■ **TASK PROMPT**
Every line of the following records that includes "Elegant" should be copied.

Items listed in a dataset
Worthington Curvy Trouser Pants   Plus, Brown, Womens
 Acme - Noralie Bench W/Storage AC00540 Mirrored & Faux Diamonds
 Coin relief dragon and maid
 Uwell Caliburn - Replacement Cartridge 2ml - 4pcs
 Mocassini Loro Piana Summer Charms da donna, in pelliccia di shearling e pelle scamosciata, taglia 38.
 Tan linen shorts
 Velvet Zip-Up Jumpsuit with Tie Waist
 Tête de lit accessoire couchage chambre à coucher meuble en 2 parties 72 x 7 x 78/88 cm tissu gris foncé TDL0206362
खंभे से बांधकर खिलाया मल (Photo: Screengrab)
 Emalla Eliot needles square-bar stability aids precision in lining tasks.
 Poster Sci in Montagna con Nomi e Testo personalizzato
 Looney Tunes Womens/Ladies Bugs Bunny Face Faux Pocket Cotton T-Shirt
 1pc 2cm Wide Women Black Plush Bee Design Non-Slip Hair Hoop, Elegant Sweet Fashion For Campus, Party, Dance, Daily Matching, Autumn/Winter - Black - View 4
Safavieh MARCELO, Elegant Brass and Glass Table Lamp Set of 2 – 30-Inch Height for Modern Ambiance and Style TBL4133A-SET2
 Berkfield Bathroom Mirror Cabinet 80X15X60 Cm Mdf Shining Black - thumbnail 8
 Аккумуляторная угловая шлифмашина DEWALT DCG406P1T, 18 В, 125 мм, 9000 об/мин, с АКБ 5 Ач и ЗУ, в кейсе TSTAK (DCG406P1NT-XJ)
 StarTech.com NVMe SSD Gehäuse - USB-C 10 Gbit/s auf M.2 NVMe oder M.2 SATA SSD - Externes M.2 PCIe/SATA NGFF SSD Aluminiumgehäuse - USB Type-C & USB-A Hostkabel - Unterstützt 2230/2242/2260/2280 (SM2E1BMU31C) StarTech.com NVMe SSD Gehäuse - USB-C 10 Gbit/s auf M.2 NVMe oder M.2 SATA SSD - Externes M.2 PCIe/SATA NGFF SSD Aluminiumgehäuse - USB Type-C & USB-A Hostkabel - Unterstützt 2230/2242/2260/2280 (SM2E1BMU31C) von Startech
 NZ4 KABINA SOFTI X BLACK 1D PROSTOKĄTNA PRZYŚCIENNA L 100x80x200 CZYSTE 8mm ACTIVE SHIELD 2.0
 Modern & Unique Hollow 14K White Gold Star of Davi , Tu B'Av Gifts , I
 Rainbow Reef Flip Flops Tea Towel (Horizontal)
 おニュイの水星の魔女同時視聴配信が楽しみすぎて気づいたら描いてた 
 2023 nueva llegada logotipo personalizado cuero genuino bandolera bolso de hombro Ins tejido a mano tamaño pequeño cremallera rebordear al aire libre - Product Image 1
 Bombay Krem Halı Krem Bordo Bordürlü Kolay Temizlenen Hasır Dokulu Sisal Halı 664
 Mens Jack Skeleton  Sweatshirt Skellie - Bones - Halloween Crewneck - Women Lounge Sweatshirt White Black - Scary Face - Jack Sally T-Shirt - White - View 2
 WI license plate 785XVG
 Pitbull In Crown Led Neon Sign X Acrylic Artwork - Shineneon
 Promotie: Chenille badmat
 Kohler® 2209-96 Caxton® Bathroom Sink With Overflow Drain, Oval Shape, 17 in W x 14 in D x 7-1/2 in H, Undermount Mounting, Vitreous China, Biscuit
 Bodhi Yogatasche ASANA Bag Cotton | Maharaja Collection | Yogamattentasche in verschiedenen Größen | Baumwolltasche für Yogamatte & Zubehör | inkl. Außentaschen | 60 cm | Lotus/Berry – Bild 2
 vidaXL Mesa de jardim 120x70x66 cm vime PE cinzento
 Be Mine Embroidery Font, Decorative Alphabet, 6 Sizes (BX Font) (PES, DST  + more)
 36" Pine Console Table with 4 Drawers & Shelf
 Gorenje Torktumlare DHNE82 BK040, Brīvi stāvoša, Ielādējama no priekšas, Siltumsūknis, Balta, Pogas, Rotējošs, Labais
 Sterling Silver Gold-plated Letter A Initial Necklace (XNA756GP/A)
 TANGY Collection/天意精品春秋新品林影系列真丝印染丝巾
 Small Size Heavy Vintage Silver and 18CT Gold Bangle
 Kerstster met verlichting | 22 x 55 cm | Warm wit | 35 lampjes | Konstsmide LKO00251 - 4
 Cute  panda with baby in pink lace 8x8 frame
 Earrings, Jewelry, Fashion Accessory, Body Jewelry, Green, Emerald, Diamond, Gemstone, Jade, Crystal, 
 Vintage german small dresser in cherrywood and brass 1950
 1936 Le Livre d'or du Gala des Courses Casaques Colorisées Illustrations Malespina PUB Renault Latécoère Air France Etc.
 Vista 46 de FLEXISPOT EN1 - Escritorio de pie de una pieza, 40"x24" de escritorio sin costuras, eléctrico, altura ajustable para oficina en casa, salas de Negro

■ **WRITTEN REPLY**
 1pc 2cm Wide Women Black Plush Bee Design Non-Slip Hair Hoop, Elegant Sweet Fashion For Campus, Party, Dance, Daily Matching, Autumn/Winter - Black - View 4
Safavieh MARCELO, Elegant Brass and Glass Table Lamp Set of 2 – 30-Inch Height for Modern Ambiance and Style TBL4133A-SET2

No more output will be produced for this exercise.